Here is the perf result for the case when inserted large amounts of data into a
un-published table in which case the cost is noticeable.

--12.83%--pgoutput_change
|--11.84%--get_rel_sync_entry
|--4.76%--get_rel_relispartition
|--4.70%--get_rel_relkind

So, I think it would be better if we do the initialization only when
RelationSyncEntry in invalid.

Attach a small patch which delay the initialization.

Thoughts ?

Best regards,
Hou zj

Attachments:

0001-Delay-the-variable-initialization-in-get_rel_sync_en.patchapplication/octet-stream; name=0001-Delay-the-variable-initialization-in-get_rel_sync_en.patchDownload
From fcb74fd20cd5549f2f69770140f194e0e25c4362 Mon Sep 17 00:00:00 2001
From: "houzj.fnst" <houzj.fnst@fujitsu.com>
Date: Wed, 22 Dec 2021 14:57:32 +0800
Subject: [PATCH] Delay the variable initialization in get_rel_sync_entry

Delay the variable initialization in get_rel_sync_entry which will cause
unnecessary cache access in a hot function.
---
 src/backend/replication/pgoutput/pgoutput.c | 4 ++--
 1 file changed, 2 insertions(+), 2 deletions(-)

diff --git a/src/backend/replication/pgoutput/pgoutput.c b/src/backend/replication/pgoutput/pgoutput.c
index 6f6a203..a08da85 100644
--- a/src/backend/replication/pgoutput/pgoutput.c
+++ b/src/backend/replication/pgoutput/pgoutput.c
@@ -1119,8 +1119,6 @@ static RelationSyncEntry *
 get_rel_sync_entry(PGOutputData *data, Oid relid)
 {
 	RelationSyncEntry *entry;
-	bool		am_partition = get_rel_relispartition(relid);
-	char		relkind = get_rel_relkind(relid);
 	bool		found;
 	MemoryContext oldctx;
 
@@ -1160,6 +1158,8 @@ get_rel_sync_entry(PGOutputData *data, Oid relid)
 		List	   *schemaPubids = GetSchemaPublications(schemaId);
 		ListCell   *lc;
 		Oid			publish_as_relid = relid;
+		bool		am_partition = get_rel_relispartition(relid);
+		char		relkind = get_rel_relkind(relid);
 
 		/* Reload publications if needed before use. */
 		if (!publications_valid)
-- 
2.7.2.windows.1

#2Kyotaro Horiguchi
horikyota.ntt@gmail.com
In reply to: houzj.fnst@fujitsu.com (#1)
Re: Delay the variable initialization in get_rel_sync_entry

At Wed, 22 Dec 2021 13:11:38 +0000, "houzj.fnst@fujitsu.com" <houzj.fnst@fujitsu.com> wrote in

Hi,

When reviewing some logical replication patches.

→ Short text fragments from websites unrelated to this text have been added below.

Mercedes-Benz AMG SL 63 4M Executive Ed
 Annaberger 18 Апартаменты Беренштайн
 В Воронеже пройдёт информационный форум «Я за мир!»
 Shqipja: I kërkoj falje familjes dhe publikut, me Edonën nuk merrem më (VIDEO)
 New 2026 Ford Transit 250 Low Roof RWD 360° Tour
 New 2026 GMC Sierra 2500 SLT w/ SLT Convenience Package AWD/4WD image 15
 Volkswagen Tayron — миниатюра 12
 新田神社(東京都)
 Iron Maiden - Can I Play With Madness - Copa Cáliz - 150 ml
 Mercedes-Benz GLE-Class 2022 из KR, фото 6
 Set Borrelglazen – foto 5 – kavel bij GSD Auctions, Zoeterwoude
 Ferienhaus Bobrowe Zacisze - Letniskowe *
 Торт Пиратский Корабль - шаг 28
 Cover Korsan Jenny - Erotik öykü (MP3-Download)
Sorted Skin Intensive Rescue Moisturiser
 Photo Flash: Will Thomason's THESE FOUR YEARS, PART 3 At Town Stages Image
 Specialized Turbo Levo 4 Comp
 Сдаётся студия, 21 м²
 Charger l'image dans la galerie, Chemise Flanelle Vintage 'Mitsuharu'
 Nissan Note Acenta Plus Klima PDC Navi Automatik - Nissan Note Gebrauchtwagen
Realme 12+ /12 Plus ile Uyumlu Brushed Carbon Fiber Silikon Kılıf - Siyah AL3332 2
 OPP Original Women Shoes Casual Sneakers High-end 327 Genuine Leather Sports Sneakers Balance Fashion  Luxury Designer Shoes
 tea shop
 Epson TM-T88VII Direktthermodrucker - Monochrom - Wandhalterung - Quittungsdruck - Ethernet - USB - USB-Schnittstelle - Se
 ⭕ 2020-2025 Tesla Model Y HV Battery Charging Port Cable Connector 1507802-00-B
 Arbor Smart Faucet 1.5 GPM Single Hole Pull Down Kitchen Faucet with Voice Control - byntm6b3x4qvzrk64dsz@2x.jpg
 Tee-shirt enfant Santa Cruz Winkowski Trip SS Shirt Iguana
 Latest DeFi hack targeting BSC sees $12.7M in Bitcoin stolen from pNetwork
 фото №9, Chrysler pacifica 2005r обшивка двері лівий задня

I noticed that in
function get_rel_sync_entry() we always invoke get_rel_relispartition()
and get_rel_relkind() at the beginning which could cause unnecessary
cache access.

---
get_rel_sync_entry(PGOutputData *data, Oid relid)
{
RelationSyncEntry *entry;
bool am_partition = get_rel_relispartition(relid);
char relkind = get_rel_relkind(relid);
---

The extra cost could sometimes be noticeable because get_rel_sync_entry is a
hot function which is executed for each change. And the 'am_partition' and
'relkind' are necessary only when we need to rebuild the RelationSyncEntry.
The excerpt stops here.